Focusing a large format camera is a very different experience to that of a modern SLR. The lens has an aperture setting but also has a shutter built into it. The Camera is just a light tight box. The lens clips onto the front of the camera, and to focus you need to lock the shutter open to allow the light through to shine on the glass panel focusing screen attached to the back of the camera. The front of the camera holding the lens and the back of the camera holding the glass focusing screen are linked by a soft leather bellows. To actually focus you move the lens on the front and the back glass screen forwards and backwards until the image projected onto the back glass screen is in focus.

The large format camera like my medium format camera lacks a built in meter, so out came the handheld meter. Metering the scene I selected a 1/2 second exposure at f/34. The Nikkor lens allows apertures to be set in 1/3 stops, which is useful, as the copal shutter in the lens only works in whole stops.

With the meter reading taken I closed the lens ready to take the photograph. Setting the shutter speed and aperture I then cocked the shutter and tripped the shutter. The shutter tripped so I knew the lens and shutter were closed and it was safe to load the film. If I had been unable to trip the shutter then the shutter was still open and it would not have been safe to load the film.

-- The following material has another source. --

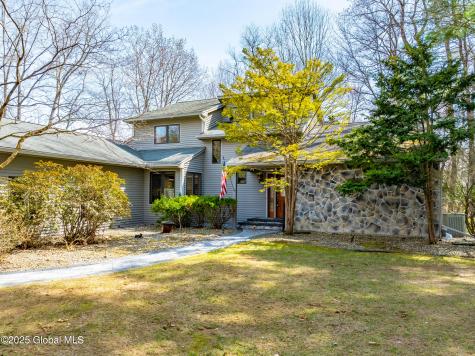 9 Timberwick Drive Clifton Park NY 12065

I slid in a fresh dark slide behind the glass focusing screen and removed the dark slide’s cover.  To make life easier for myself I have a cable release attached to all my large format lens so thats one last task to have to worry about, I then tripped the shutter. Reversing the dark slide’s cover and sliding it back in, I then removed the dark slide. The covers are colour coded, a white tag means unexposed and a black tag means exposed.

So here it is my first photograph taken with my new Ebony, i’ll admit it it will not win any awards as the contrast was too high for the film, but one that I am pleased with.

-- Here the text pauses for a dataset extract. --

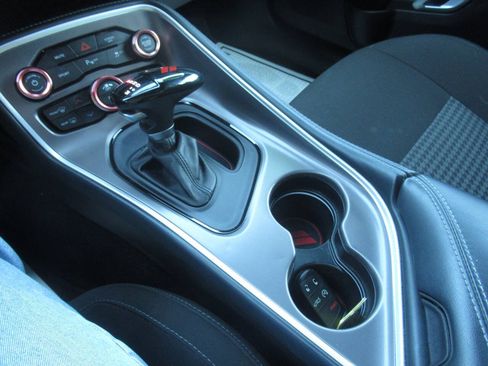 Used 2021 Dodge Challenger GT w/ Blacktop Package AWD/4WD image 21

My first Large Format Photograph, Ebony 45s, Fuji Provia 100, 1/2 second exposure at f/34

Not a brilliant shot, but it did what was necessary, it tested everything out and it all worked.  More importantly my metering was right, always a worry for film cameras with no meters built in.

I’ll be going out again later in the month shooting some more large format film.  These shots like the one above will not be artistic master pieces, in fact I expect them to be quite poor, but it will enable me to master my technique, then I can move on to more creative shots.